By Sarah Nicastro, publisher/editor in chief, Field Technologies
My husband and I (along with our two babies under two!) moved recently. I had an experience with our home security and automation provider that got me thinking about the times that great field service just doesn’t matter. Here’s what happened:
When I called to set up our transfer of service from one address to the other, I spoke with a very friendly, capable representative about what our options were. She reviewed everything with me, and I told her I needed to talk some of those options over with my husband to determine any changes to our service before she set our appointment/created the work order. She told me she’d email me a summary of our call, and that I could reply to her email the next day with how we wanted to proceed. I did so, and no response. Tried again the next day, and no response. The third day, I called and asked to talk with her, was told that wasn’t an option, and assisted by a new rep. So there I was, starting a 45 minute phone conversation from scratch. In today’s technology age, it is confusing and frustrating to me — and any customer — why this would happen.

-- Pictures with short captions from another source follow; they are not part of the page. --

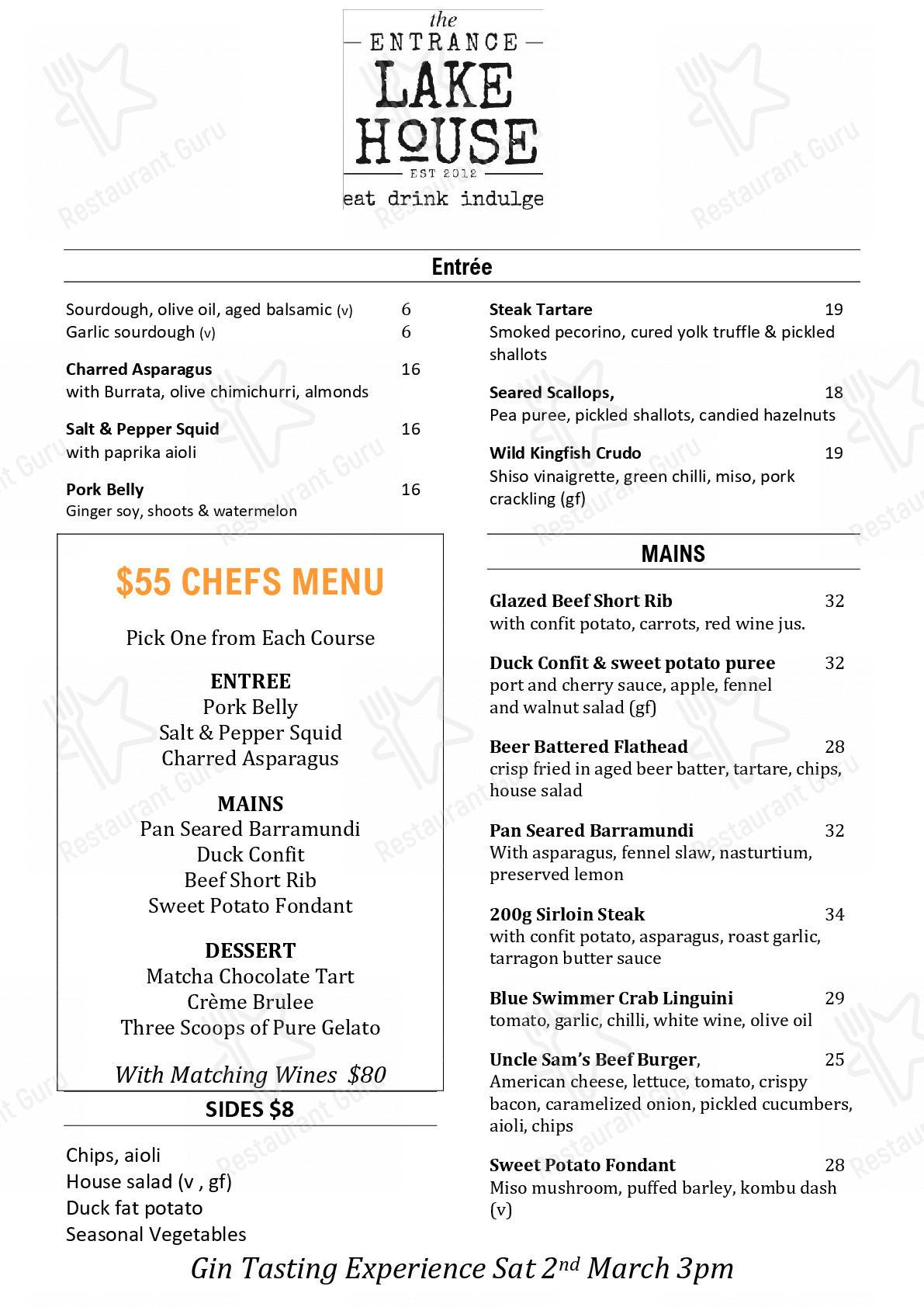 Menu at The Entrance Lake House cafe, The Entrance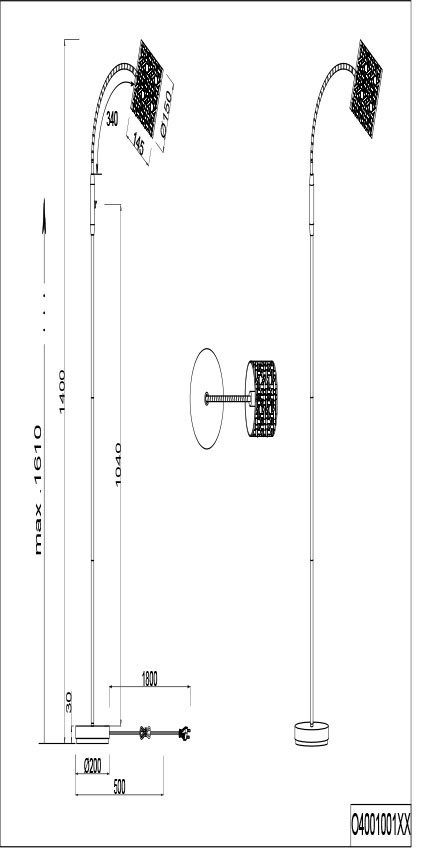 Leuchtenhals Leuchtmittel, ohne Jules, Wiener schwarz Stehleuchte matt Geflecht Lampenschirm, schwenkbar Stehlampe Leonique mit Ein-/Ausschalter,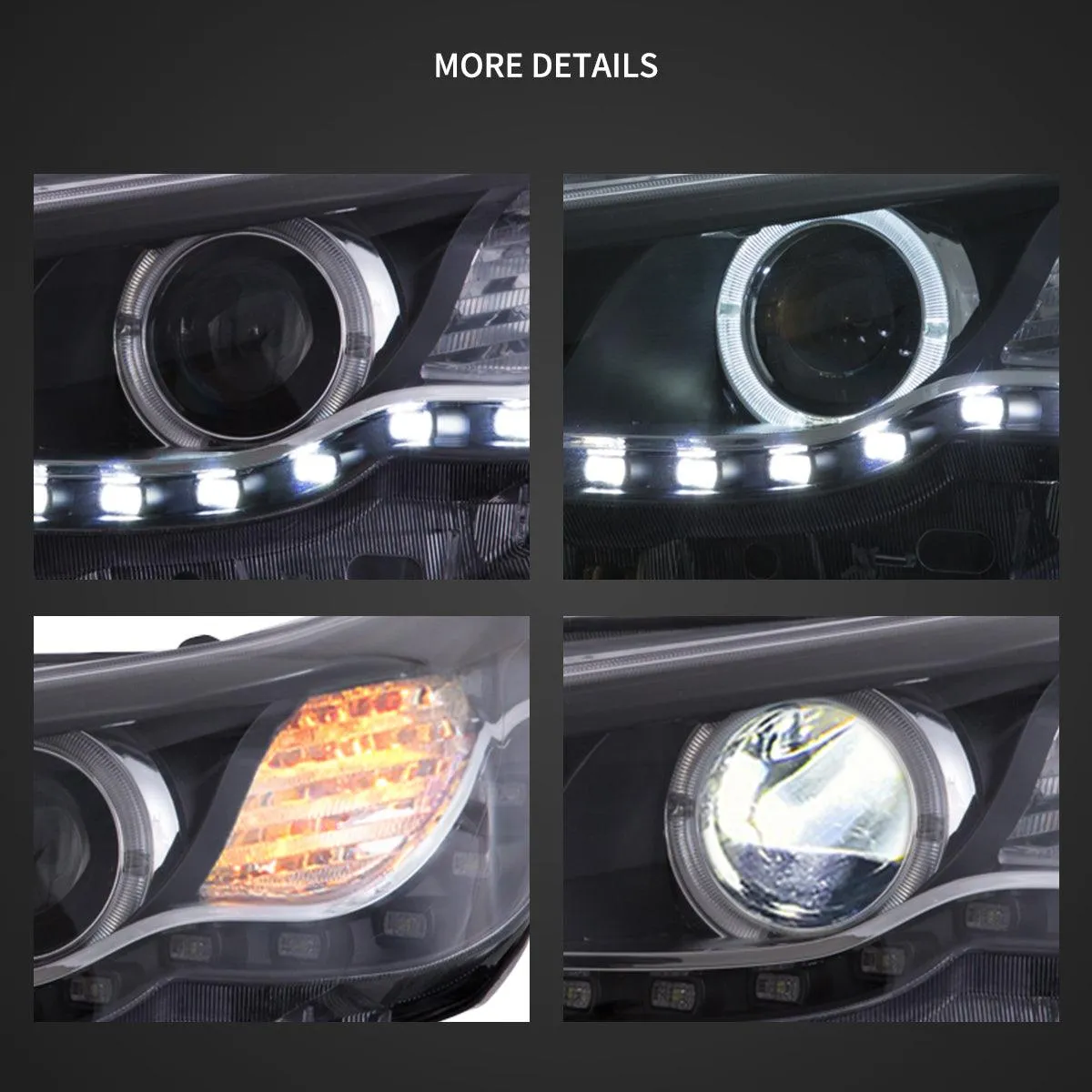 LED Headlight Assembly Dual Beam Projector Black For 2009-2013 Toyota Reiz/Mark X 2th Gen (GRX130) Pre-Facelift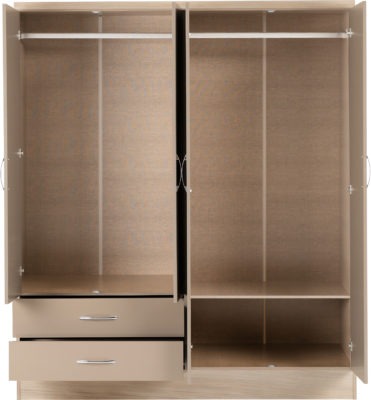 Nevada 4 Door 2 Drawer Mirrored Wardrobe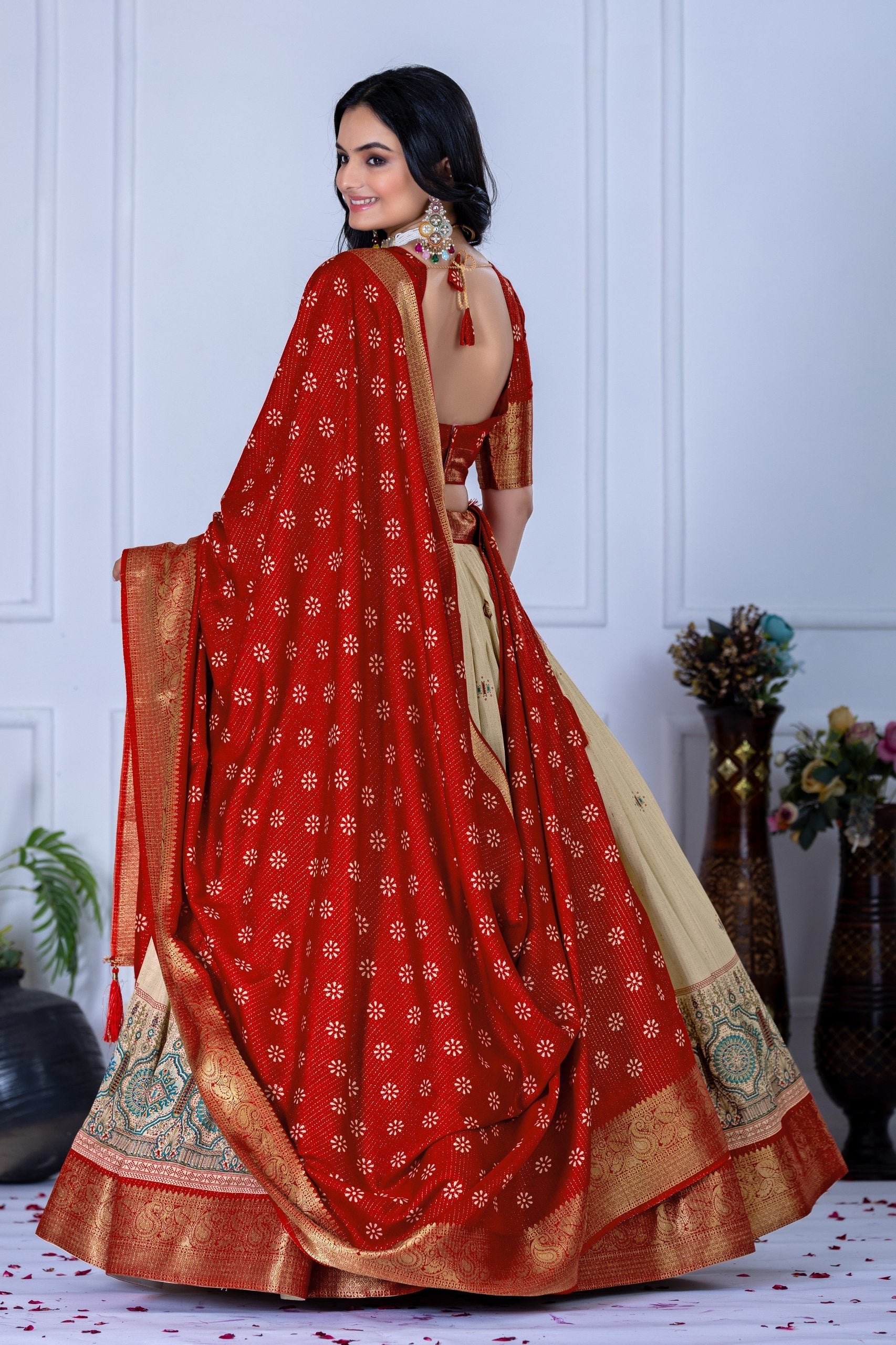 DEIANA'S Jacquard With Jari Lining With Print Lehenga Choli - Off White
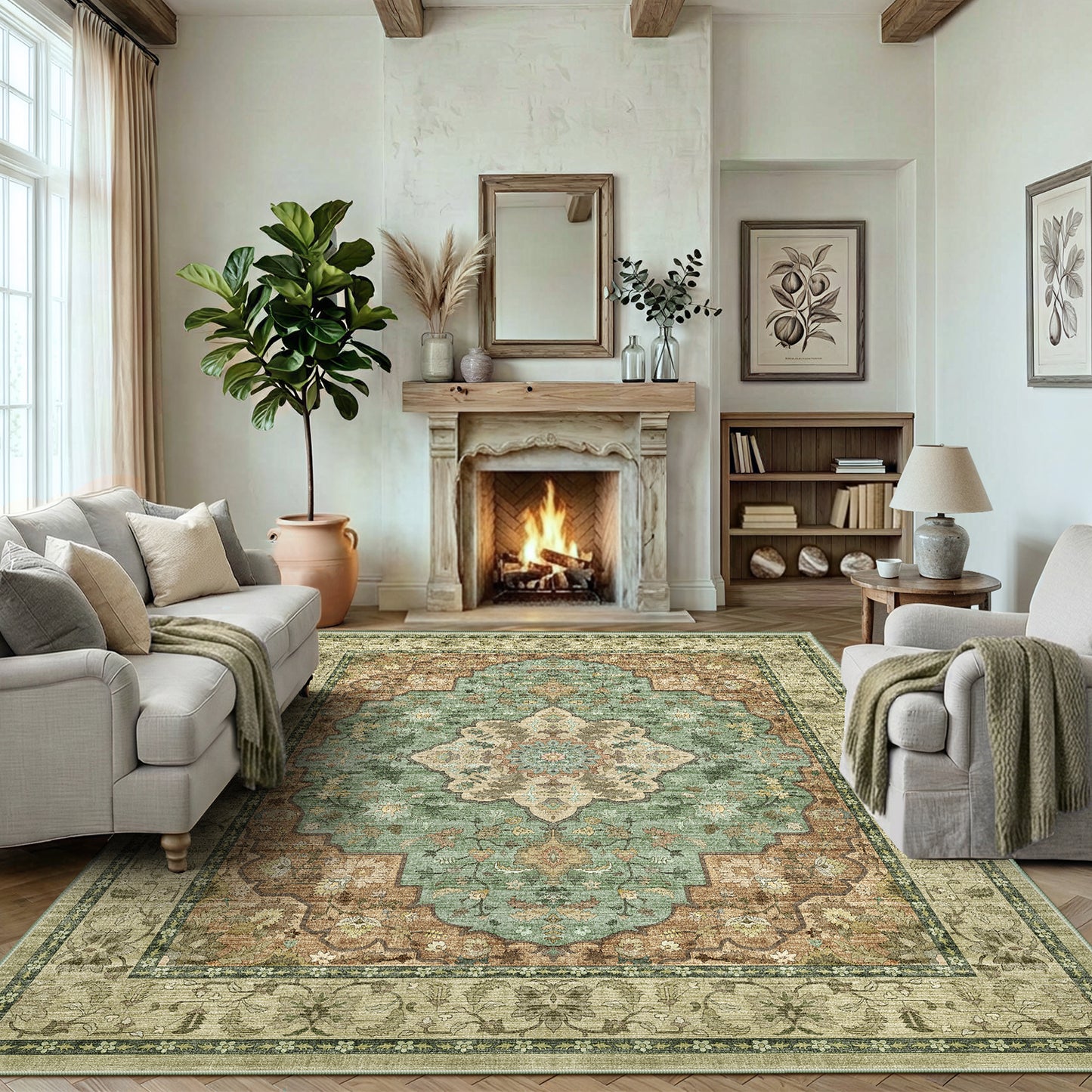 CHITOOMA 9'x12' Area Rugs for Living Room, Boho Machine Washable Stain Resistant Non-Shed Carpet, Floral Area Rug with Non-Slip Backing for Bedroom, Dining Room, Dorm, Office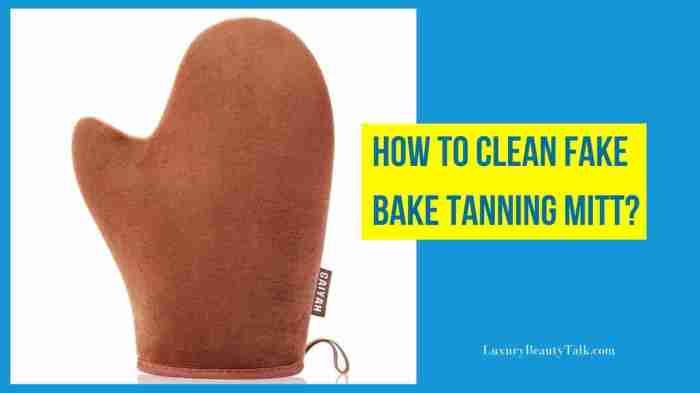 How to clean tan mitt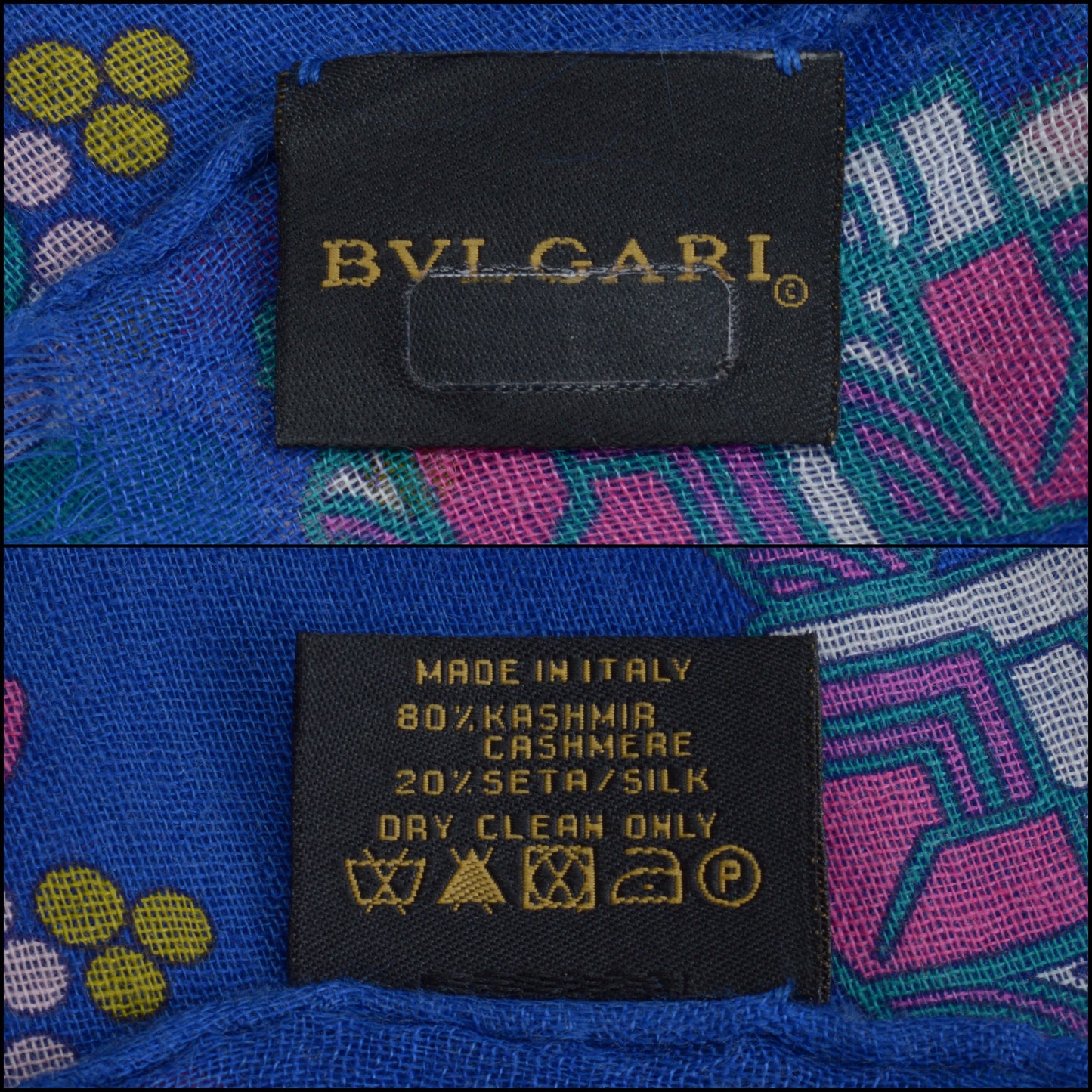RDC13598 Authentic BVLGARI Blue/Multi Printed Jewels Cashmere/Silk Stole/Scarf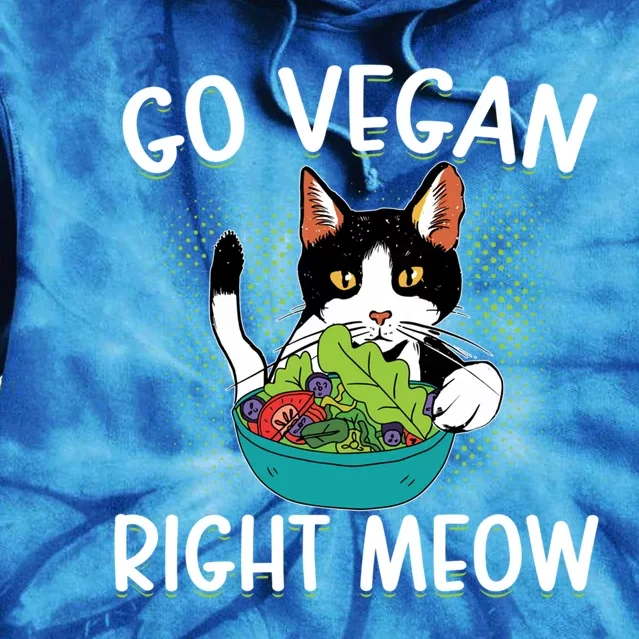 Go Vegan Right Meow Cat Vegan Vegetable Diet Cute Gift Tie Dye Hoodie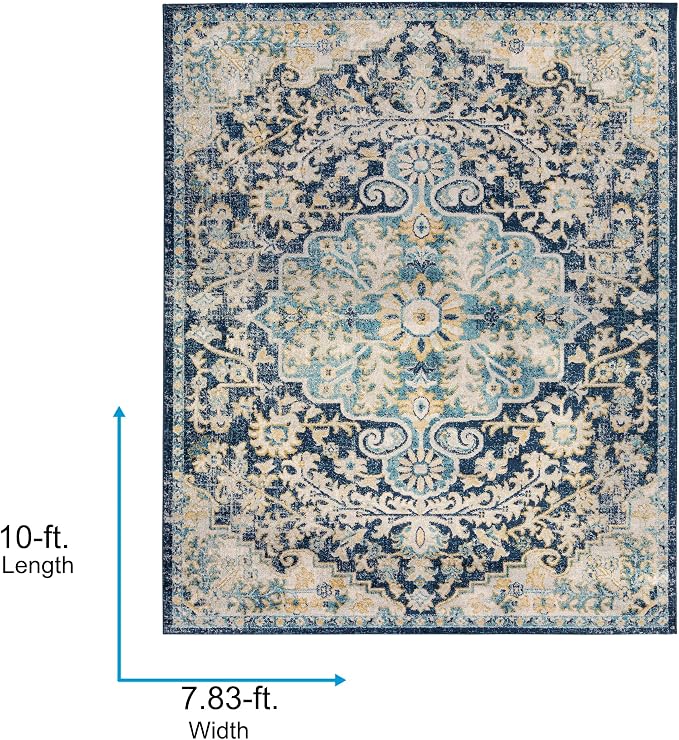 Livabliss Area Rugs - 8x10 Odelia Vintage Boho Blue Aqua Slate Area Rug for Living Room Bedroom - Floral Medallion Stain Resistant Carpet for Kitchen, Nursery, Office (7'10" x 10')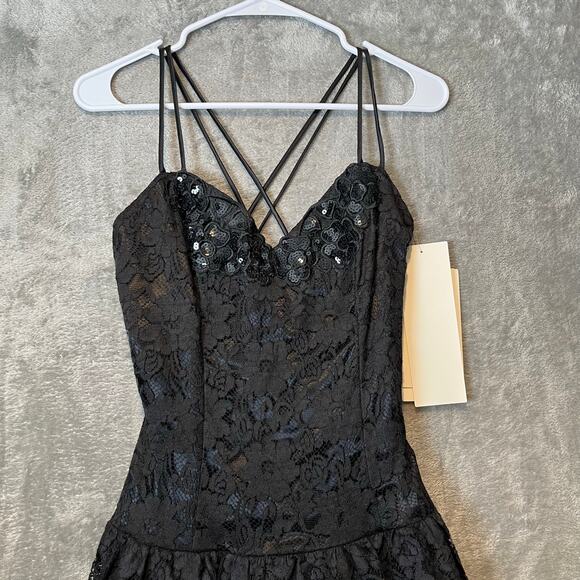 Vintage‎ Black Lace Mini Sequins Dress Romantic Gothic Deadstock New Sz 6 Punk - Picture 2 of 8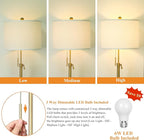 【Upgrade】 Gold Floor Lamps for Living Room, 55"-67" Height Adjustable Modern Standing Lamp with Marble Base, Pull Chain Switch, 3-Way Dimmable Tall Pole Lamp for Bedroom Office Reading, Bulb Included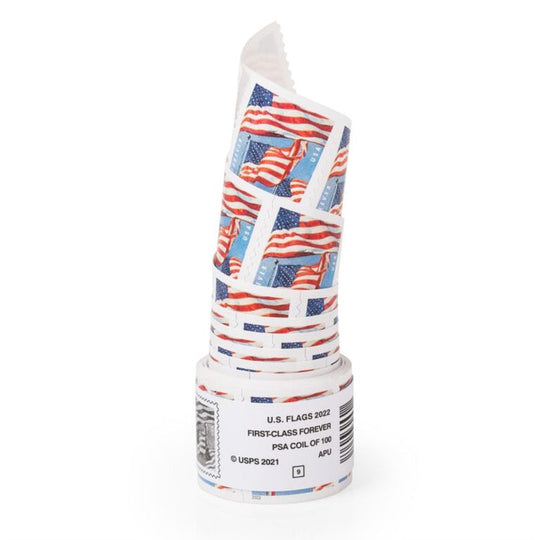 USPS FOREVER STAMPS US Flag, Coil of 100 Postage Stamps (2022)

There are simply too many ways to capture data for a customer to have to waste time on duplicate interactions like this.
Fast forward to our field service interaction, and it was great. The technician was prompt, well informed, friendly, and competent. But in reality, it didn’t matter much — because my frustration had already occurred; my negative perception had already been created. Even a great field service interaction wasn’t going to undo that entirely.
So what is the lesson here? I think there are a few.
Customer Experience Is Collective
First, it’s important to remember that customer experience is a collective concept, and therefore, the various customer-facing functions of your company can’t operate in a silo. It doesn’t make sense to put time and money in on the field service side to ensure a great customer experience if another division of your company is falling short in that area. If customer experience is a key objective for the company (and it should be), it needs to be addressed in every area of the business. What are your customer service goals? How are you communicating them to your employees? What measures are in place to track improvement? How is this consistent from department to department?
Customer Interactions Should Be Seamless
With the technologies that are available today, the experience of having a 45 minute conversation that is just lost in the abyss should not happen. A customer wants to be able to pick up where they left off, and that isn’t just true for phone calls. How are you collecting, storing, processing, and using customer data? If I email, fill out a form, or call, I want that data to be accessible for my next interaction. Whatever my method of communication is, I don’t want to have to repeat myself or start over. Data needs to be captured, stored, and accessible to enable a seamless customer experience.
Communication Is Critical
Communication between business functions is critical. Communicating to your employees the type of customer experience you want them to provide is critical. Easy and timely communication with your customers is critical.
To summarize, enabling and incentivizing your field technicians to provide a great customer experience is crucial to success in today’s service landscape. But relying on them to carry the weight of customer experience for the whole company just isn’t reasonable — and ensuring a seamless experience for your customer base needs to be a cornerstone of your strategy.